People often search for the "Mac caffeine command," but the built-in macOS command is named caffeinate. It lives at /usr/bin/caffeinate and creates power management assertions that temporarily prevent specific kinds of sleep.

In one sentence

Use caffeinate when you want a command, process, or time window to finish before macOS is allowed to sleep.

Common commands

# Prevent idle system sleep until you press Ctrl-C
caffeinate
# Keep awake for one hour
caffeinate -t 3600
# Keep the Mac awake while a build runs
caffeinate -i npm run build
# Prevent display sleep and idle system sleep for 30 minutes
caffeinate -di -t 1800

Flags explained

FlagMeaningUse it when
-iPrevent idle system sleepBuilds, downloads, scripts
-dPrevent display sleepPresentations or visible logs
-mPrevent disk idle sleepOlder drives or external disk jobs
-sPrevent system sleep while on AC powerPlugged-in long tasks
-uDeclare user activity, possibly waking the displayYou need to wake the screen briefly
-tTimeout in secondsYou only need keep-awake for a fixed time
-wWait for a PID to exitThe target process is already running

The man page states that without flags, caffeinate prevents idle sleep. If you pass a command, caffeinate holds the assertion while that command runs.

Run it with a command

This is the cleanest pattern:

caffeinate -i pnpm test
caffeinate -i ./backup.sh
caffeinate -i ffmpeg -i input.mov output.mp4

When the command exits, caffeinate exits too and macOS returns to its normal power policy.

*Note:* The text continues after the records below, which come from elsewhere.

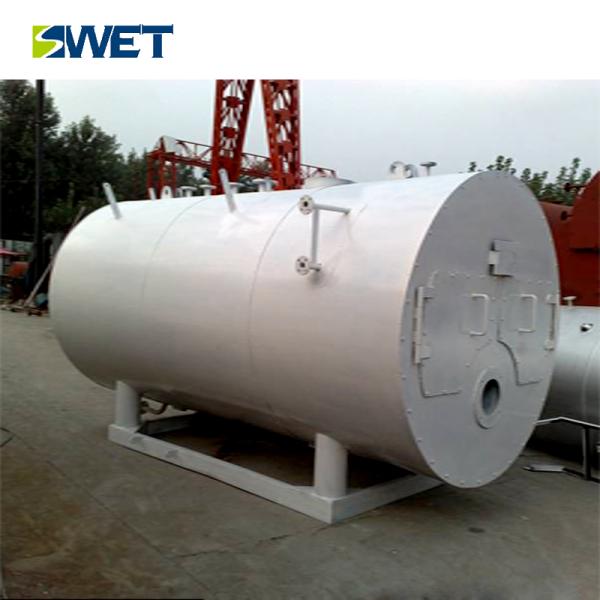 2T / H 1.25Mpa Dyeing Industry Gas Fired Steam Boiler Environmentally Friendly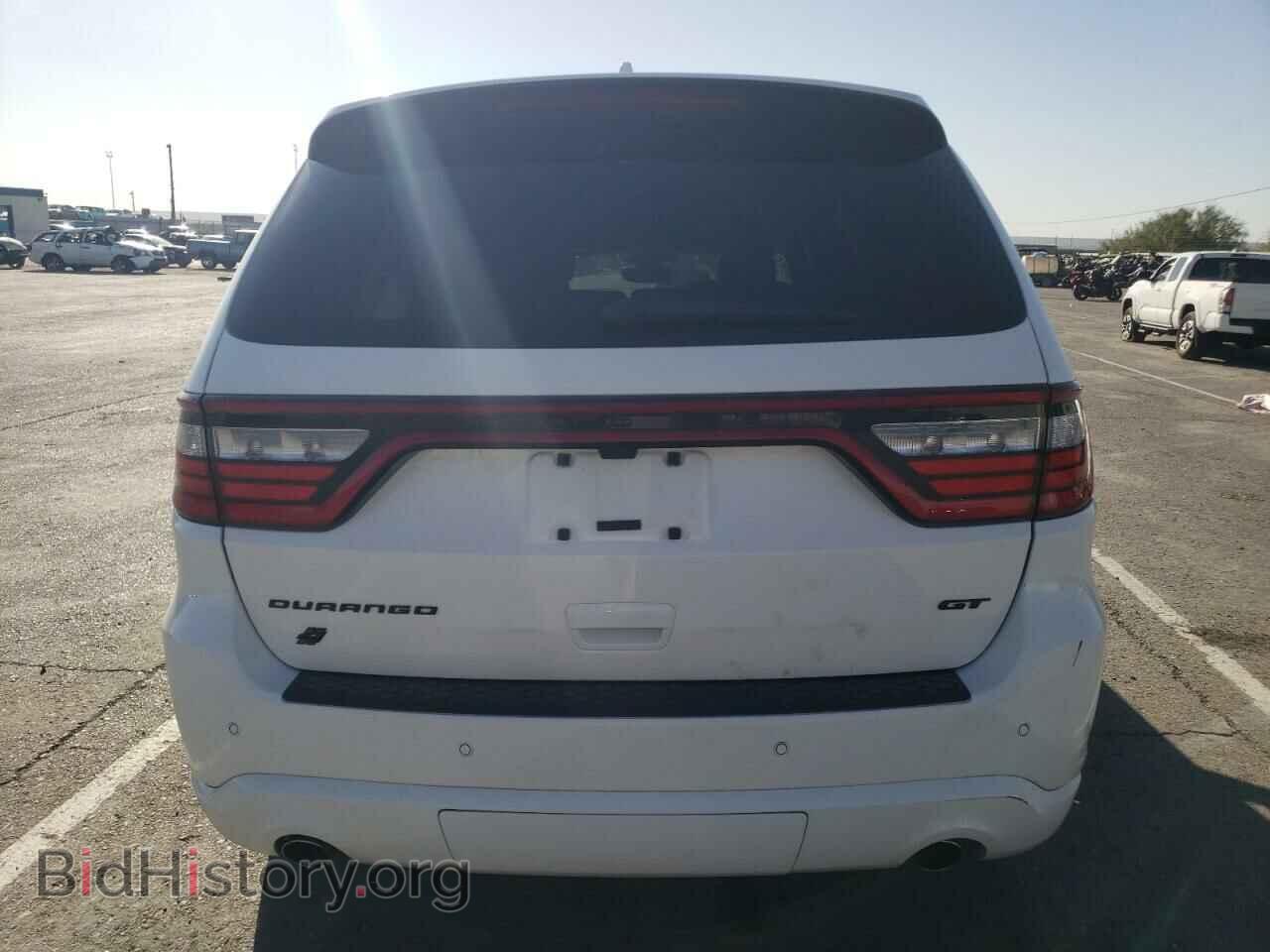 2021 DODGE DURANGO - VIN: 1C4RDJDG5MC641545 - Photo 6
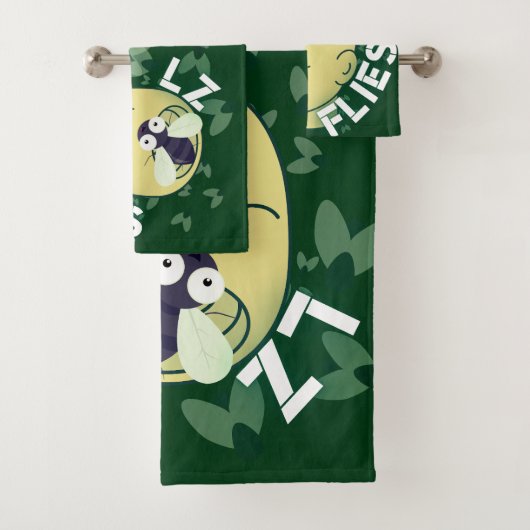 Landung, Zone Beach Handtuch Badhandtuch Set (Insitu)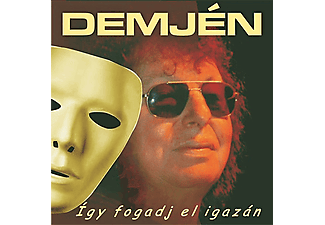 Demjén Ferenc - Így fogadj el igazán (CD)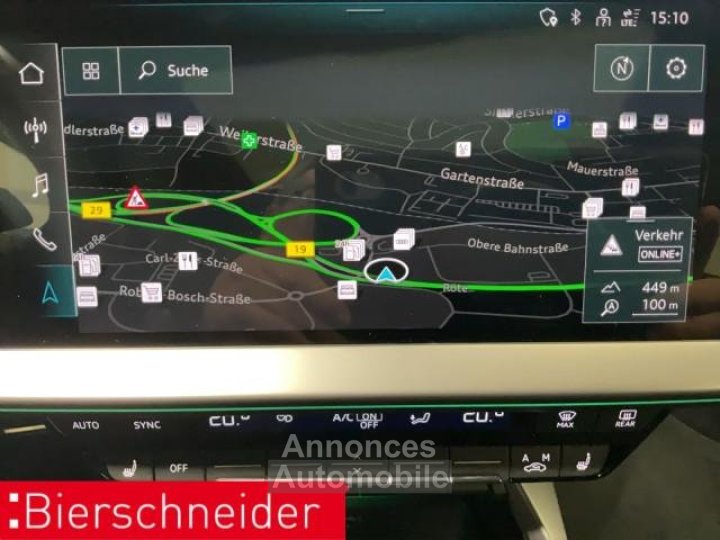 Audi A3 Sportback 30 TDI S-Line PANO B&O HuD ACC NAVI - 7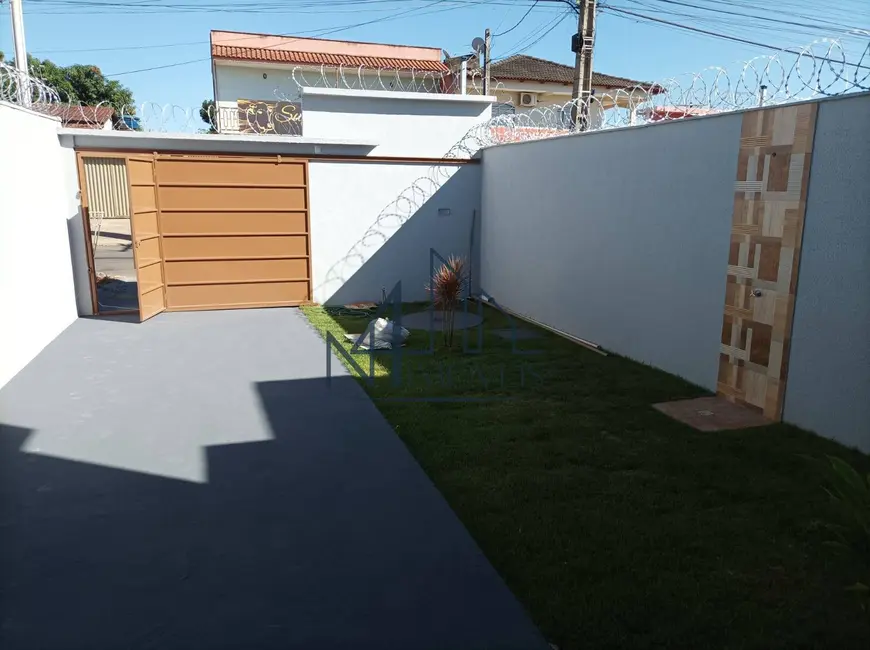 Foto 3 de Casa com 3 quartos à venda, 189m2 em Papillon Park, Aparecida De Goiania - GO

Attach it to an existing process

Find the process ID:

pgrep -fl node

Then bind caffeinate to that PID:

caffeinate -i -w 12345

When process 12345 exits, the keep-awake assertion ends.

Useful patterns

caffeinate -i npm run build
caffeinate -i pnpm test
caffeinate -i cargo build --release

How to stop it

If caffeinate is running in your terminal, press Ctrl-C. If it is running elsewhere:

pgrep -fl caffeinate
kill <pid>

Avoid killall caffeinate as a reflex, because you may have more than one keep-awake session running.

caffeinate vs Lidless

Use caffeinate for a specific terminal job:

caffeinate -i long-running-command

Use Lidless when your regular workflow is to lock the screen and let background tasks continue, such as Codex, Claude Code, downloads, backups, or remote sessions.

Troubleshooting

  • Make sure the terminal running caffeinate is still open.
  • If you used -s, confirm the Mac is connected to power.
  • Do not test by closing a MacBook lid; lid-closed behavior is not the same as idle sleep.
  • Run pmset -g assertions to verify that a sleep-prevention assertion exists.